Mr Gold said the investigation centred on tax and national insurance payments, adding: "It is completely wrong that our managing director has been picked on and singled out. For the complete avoidance of doubt, I want to make this 100% clear that, as we stated before, this matter is all about PAYE and NIC on two players from 2002 and 2003, and absolutely nothing has changed.
"The figures alleged to be involved are not substantial and not material to the company. The club employs highly-respected accountants and auditors and has always provided them with complete access to their accounts and other financial information.
"The club believe that it would be more appropriate that questions about financial matters be directed to them."
Mr Gold stressed that the club "takes its financial responsibilities seriously".

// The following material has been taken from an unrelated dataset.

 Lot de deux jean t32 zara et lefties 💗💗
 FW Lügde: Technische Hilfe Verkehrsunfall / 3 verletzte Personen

A City of London Police spokeswoman confirmed that a 39-year-old woman was arrested as part of the continuing football investigation, but said it was not possible to provide details of the alleged offence, adding: "We have been working with HM Revenue and Customs (HMRC) from the outset of the investigation.

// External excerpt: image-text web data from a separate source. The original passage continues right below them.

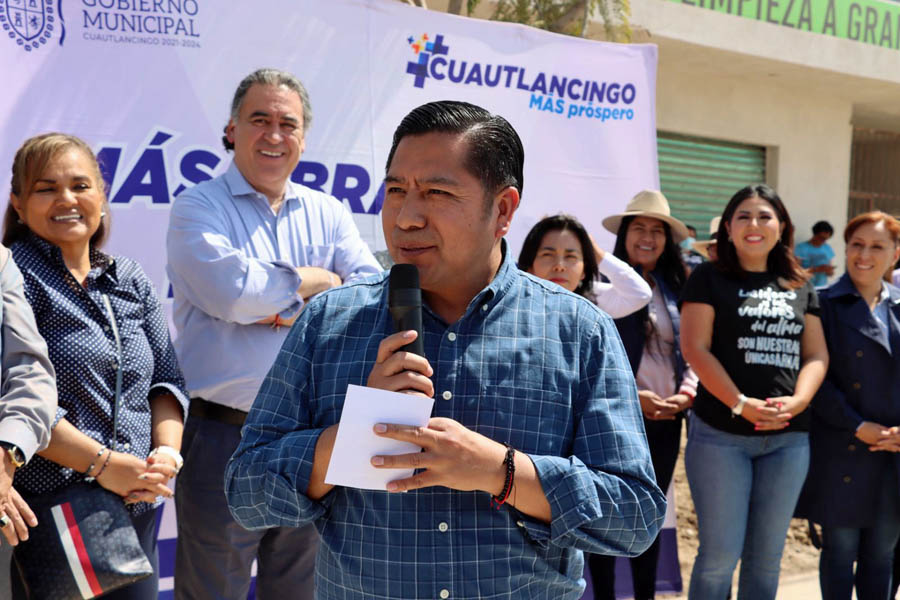 Inauguró Filomeno Sarmiento pavimentación de calle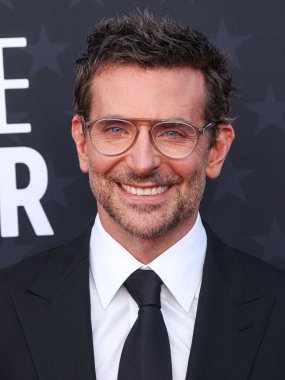 Bradley Cooper, 14 Ocak 2024 'te Santa Monica, Los Angeles, Kaliforniya' da düzenlenen Barker Hangarı 'nda düzenlenen 29. Yıllık Eleştirmenler Seçimi Ödülleri' ne ulaştı..
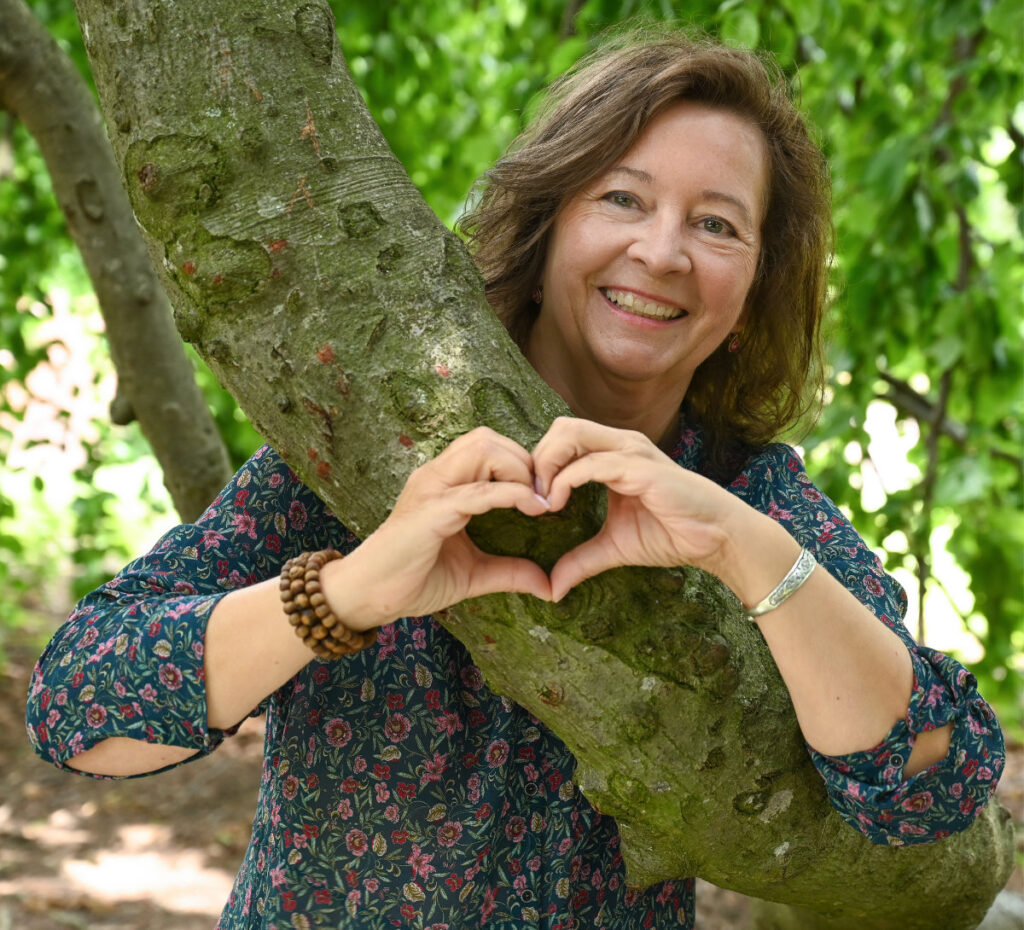 Silvia Herzform Haende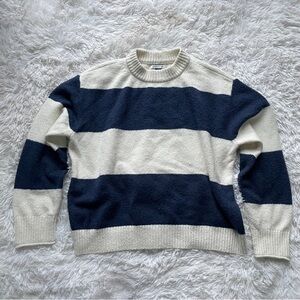 American Eagle Crewneck Stripe Sweater
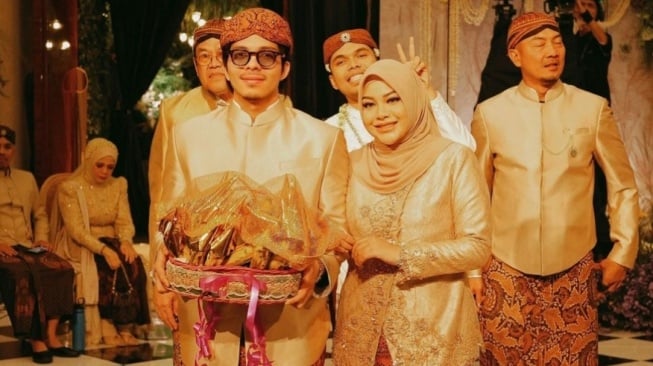 Disebut Lebih Cantik dari Pengantin, Intip Mewahnya Pesona Aurel ...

"The investigation has always focused on money laundering. The Fraud Prosecution Service has identified that tax offences may be involved."
Birmingham City released a statement stressing that Ms Brady had not been charged by police and "vehemently" denied any wrongdoing.

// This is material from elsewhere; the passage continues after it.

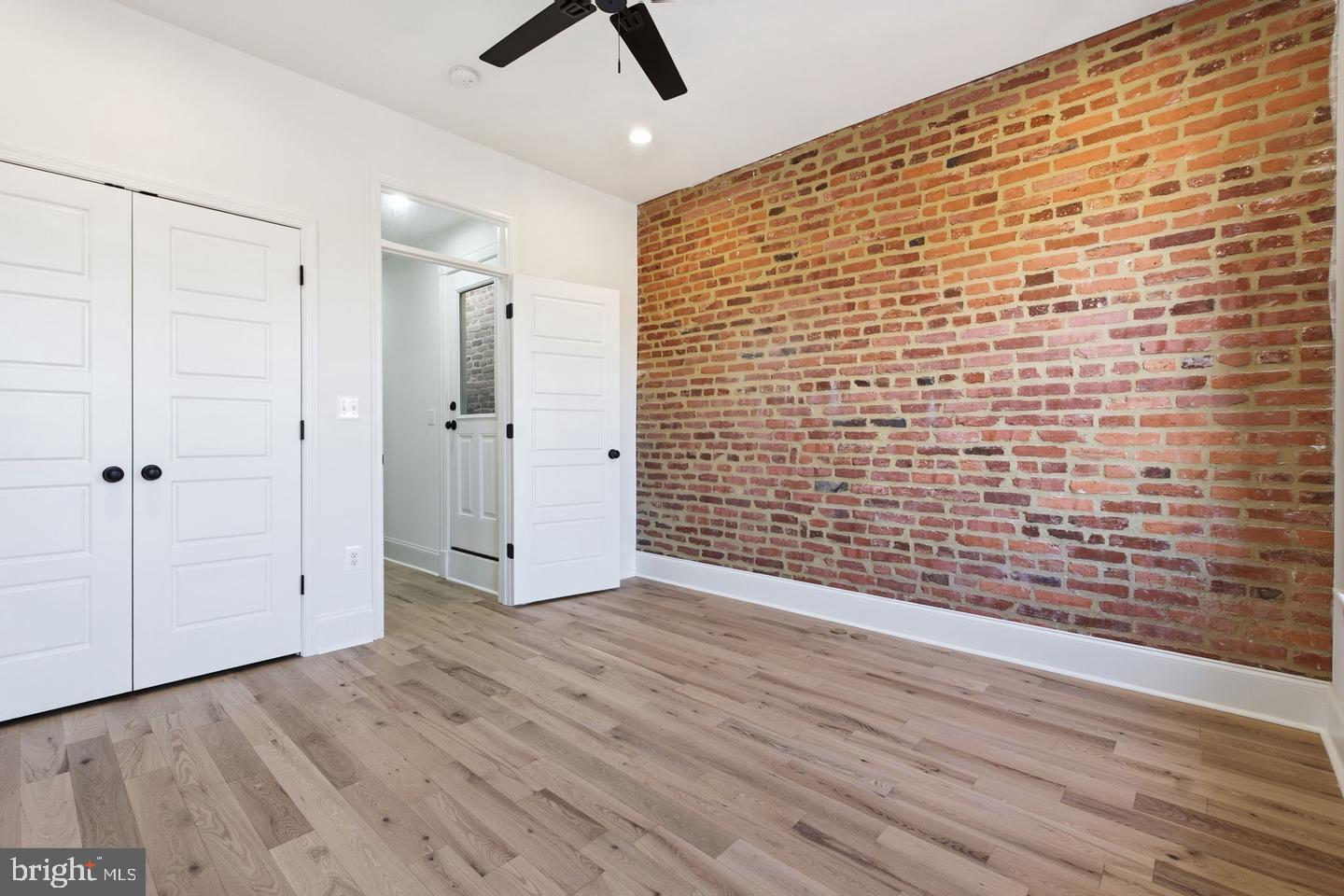 LOCUST POINT - Residential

The statement said: "In the fullness of time, we believe the public will see that no offence has been committed by anyone at BCFC.
"The club continues to assist the police with their inquiries and have answered every question put to them."
In November 2007, officers arrested a series of high-profile figures in the national game in a controversial series of raids.
Other figures who remain on bail are believed to include former Portsmouth boss Harry Redknapp, the club's chief executive Peter Storrie, former chairman Milan Mandaric, former player Amdy Faye and agent Willie McKay.
Ms Brady became the UK's youngest football managing director when Birmingham City floated on the stock market in 1997.
She is also chairman of Kerrang! magazine and non-executive director of Channel 4, Mothercare and Sport England.
The HMRC said it was not making any comment.